(Source material begins)

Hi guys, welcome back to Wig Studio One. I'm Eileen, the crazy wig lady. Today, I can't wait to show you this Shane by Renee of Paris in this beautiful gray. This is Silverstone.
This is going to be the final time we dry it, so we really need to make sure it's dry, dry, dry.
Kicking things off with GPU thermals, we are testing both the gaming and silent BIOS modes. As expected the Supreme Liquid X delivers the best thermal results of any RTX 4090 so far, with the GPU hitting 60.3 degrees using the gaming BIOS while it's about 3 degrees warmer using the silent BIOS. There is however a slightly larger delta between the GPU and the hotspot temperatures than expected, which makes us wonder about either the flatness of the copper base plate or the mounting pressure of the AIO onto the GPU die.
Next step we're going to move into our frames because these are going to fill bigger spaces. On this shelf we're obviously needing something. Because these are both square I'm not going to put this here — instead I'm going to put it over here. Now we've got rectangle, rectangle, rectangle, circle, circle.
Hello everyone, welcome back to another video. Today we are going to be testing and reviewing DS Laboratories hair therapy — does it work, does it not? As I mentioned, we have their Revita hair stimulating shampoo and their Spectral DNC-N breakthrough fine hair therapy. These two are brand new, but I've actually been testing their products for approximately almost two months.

(Source material ends)
(Source material begins)

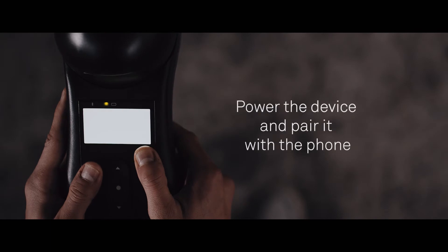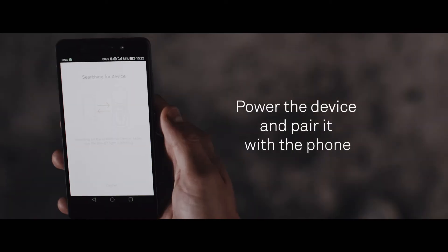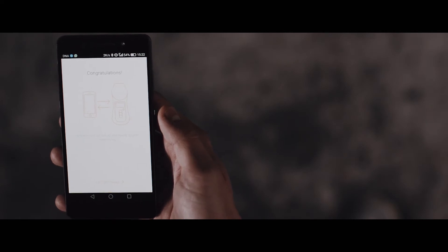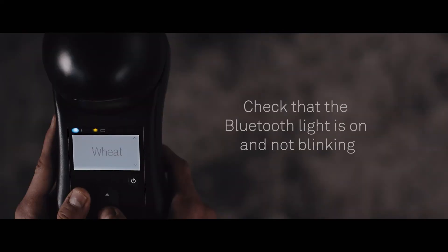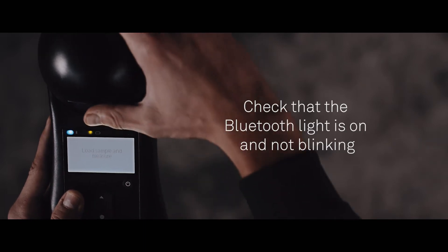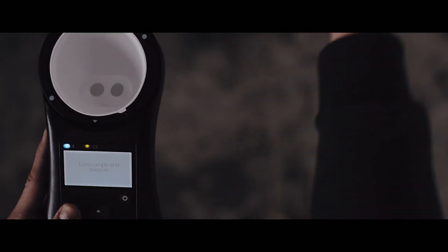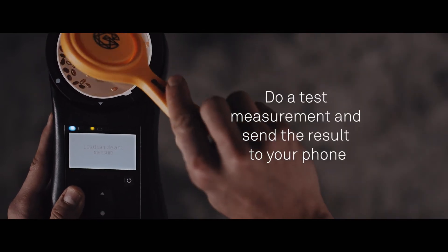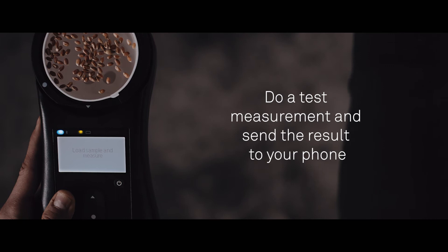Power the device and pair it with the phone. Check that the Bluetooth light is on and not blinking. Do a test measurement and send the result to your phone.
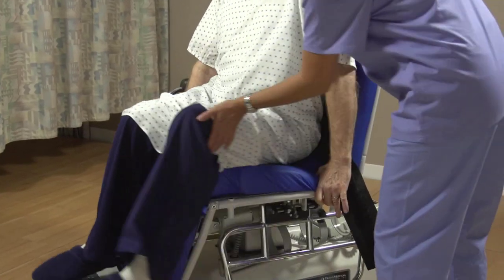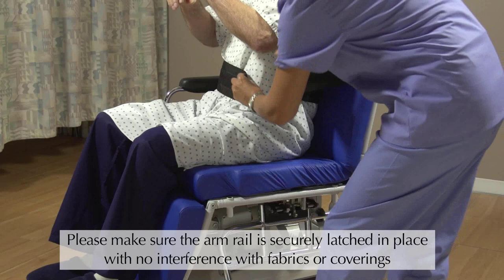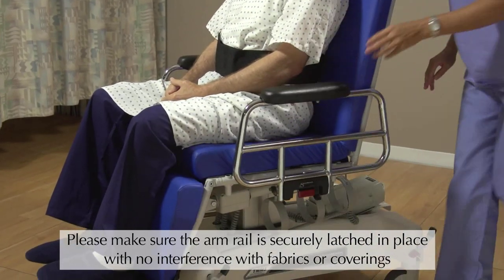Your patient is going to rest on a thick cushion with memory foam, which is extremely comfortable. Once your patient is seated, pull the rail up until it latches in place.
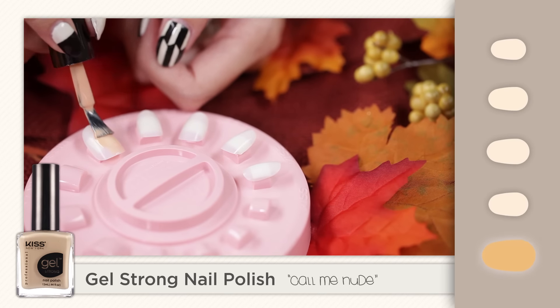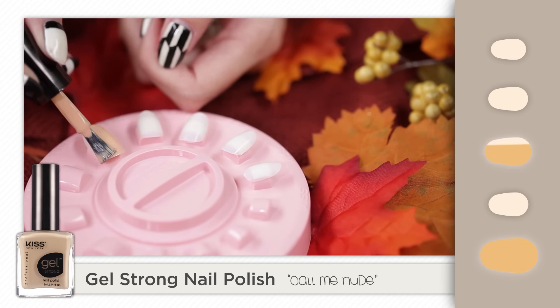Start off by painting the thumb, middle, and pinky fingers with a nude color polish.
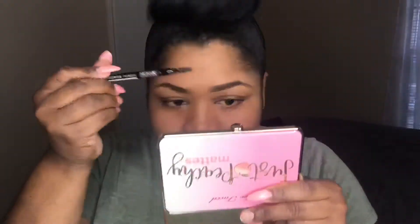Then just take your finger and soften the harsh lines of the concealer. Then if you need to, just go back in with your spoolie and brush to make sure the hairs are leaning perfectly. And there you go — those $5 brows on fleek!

(Source material ends)
(Source material begins)

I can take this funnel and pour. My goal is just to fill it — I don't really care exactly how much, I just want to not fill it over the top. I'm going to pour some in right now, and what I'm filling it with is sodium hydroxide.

(Source material ends)

* Exercise: Go through the listing and say how many lines contain the string "really", offering only the number.

* Expected answer: 2